Random number generator function that doesn't repeat itself

问题

Does swift by default has a random number generator that returns the same number only once?

For example it picks a number in range 1,2,3,4,5. Return that random number (lets say 3). In the next loop, it picks only from 1,2,4,5 and so on.

EDIT: This is what I ended up using. It returns an array of integers from 0-5 and was tested in playground. Note that this is meant to be used when you are picking from a large set of Integers and not just 6.

func generateRandomArray() -> [Int]{
    var randomImages: [Int] = [Int]()

    var newRandomNumber = Int(arc4random_uniform(UInt32(6)))

    while (randomImages.count < 6) {
        if (randomImages.contains(newRandomNumber) == false){
            randomImages.append(newRandomNumber)
        }
        newRandomNumber = Int(arc4random_uniform(UInt32(6)))
    }

    return randomImages

}

回答1:

Just store the last random number in a variable and check the next random number against it in a while loop. While the new random number is the same as the last random number, generate a new random number.

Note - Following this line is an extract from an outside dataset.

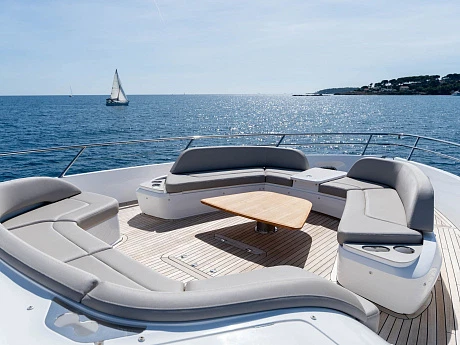 Яхта Princess S80 2025 14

Once the new random number generated is not the same as the last random number the while loop ends and we update the last random number.

var lastRandomNumber = 0
var newRandomNumber = 0

func gernerateRandomNumber() {
    newRandomNumber = Int(arc4random_uniform(5)+1)

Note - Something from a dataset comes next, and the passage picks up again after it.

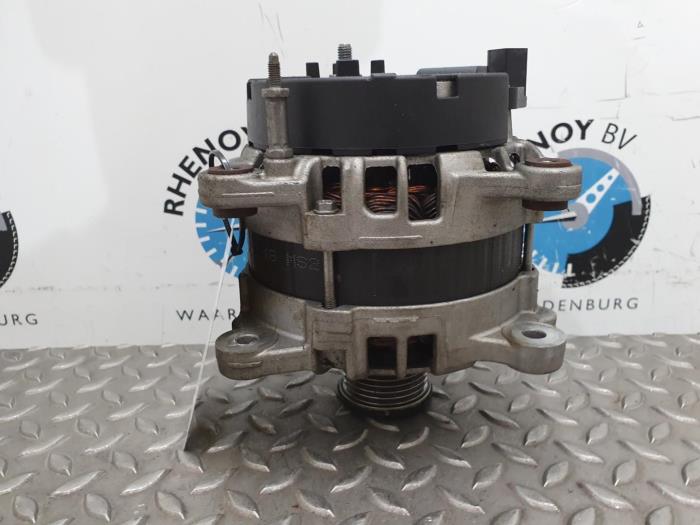 Gebruikte Dynamo Volkswagen Transporter Prijs € 96,80 Inclusief btw aangeboden door Rhenoy Onderdelen b.v.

    while newRandomNumber == lastRandomNumber {
        newRandomNumber = Int(arc4random_uniform(5)+1)
    }

    lastRandomNumber = newRandomNumber
}

回答2:

This kind of generator is not called a "random number" generator, but usually a "Shuffle" or "Permute". You have to tell it how many items there are first. Otherwise what you are proposing doesn't make any sense!

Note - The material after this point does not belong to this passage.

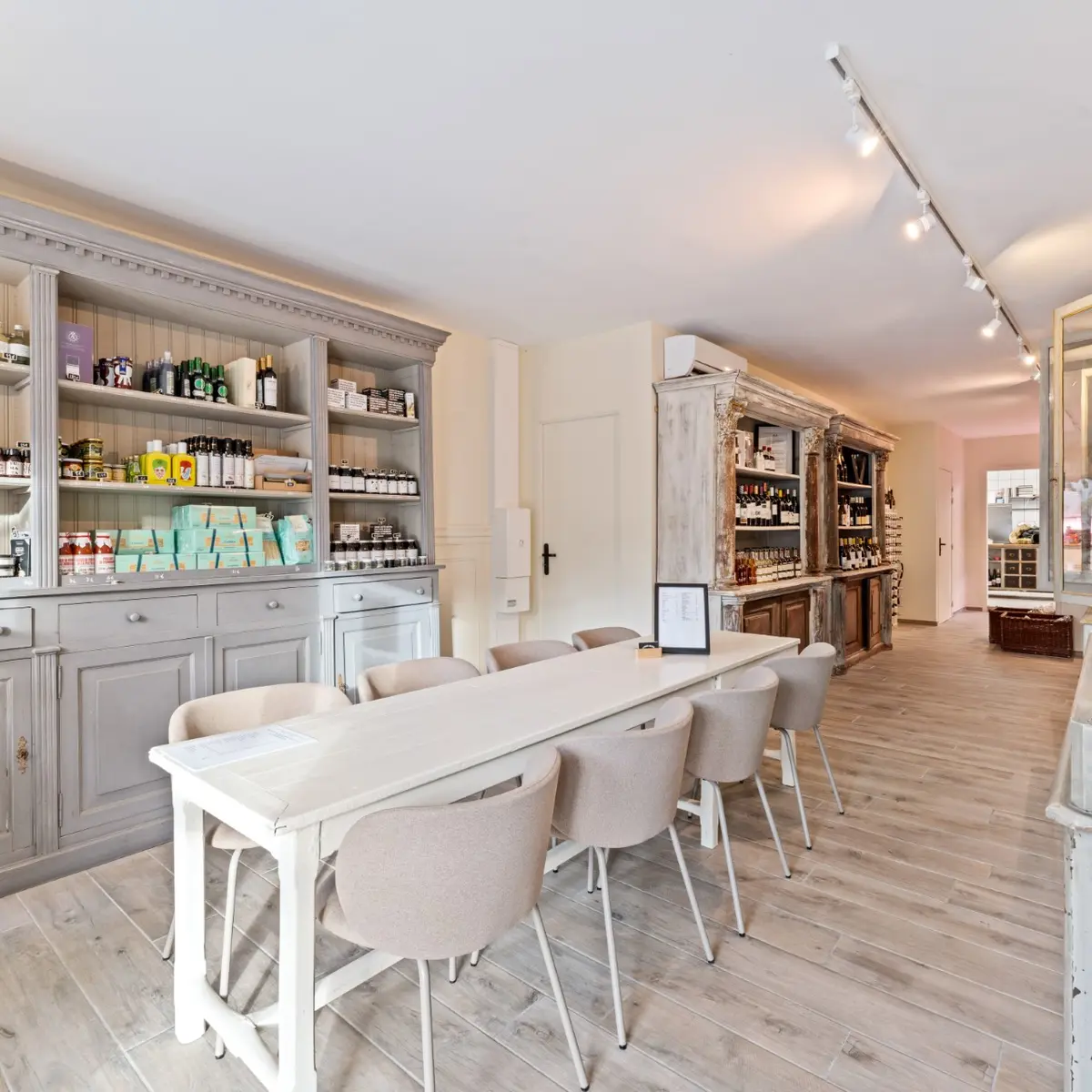 Maison Jasmin_Le Thor intérieur bois blanc et cérusé gris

see answer here: How do I shuffle an array in Swift?

回答3:

You can do this trick, Add the range of numbers from which you want to get the random result..to an NSMutableArray or NSMutableSet(to make sure there is only 1 of it). Iterate through the array-

 for(int i=0;i<myMutableArray .count;i++){
  int randomIndex = arc4random_uniform(myMutableArray.count);
  int myNumber = [[myMutableArray objectAtIndex:randomIndex]intValue]; // edited 
  NSLog(@"My random number-%i",myNumber);//this is your generated random number
 [myMutableArray removeObjectAtIndex:randomIndex];
}

I guess this would do the tric, But if you do rmember NSMutableArray cannot take Primitive data type, just Objects like NSNumber.

EDIT

this line is not written and is justifying that why i am converting the NSNumber back to an interger because while adding the integer in the Array it has to be converted to a NSNumber|

[ myMutableArray addObject:[NSNumber numberWithInt:2]];

So in the for loop when i am getting the object from myMutableArray i am getting an NSNumber and to simplify it i casted that Object (NSNumber object) back to an integer.

回答4:

From Apple's documentation:

A set stores distinct values of the same type in a collection with no defined ordering.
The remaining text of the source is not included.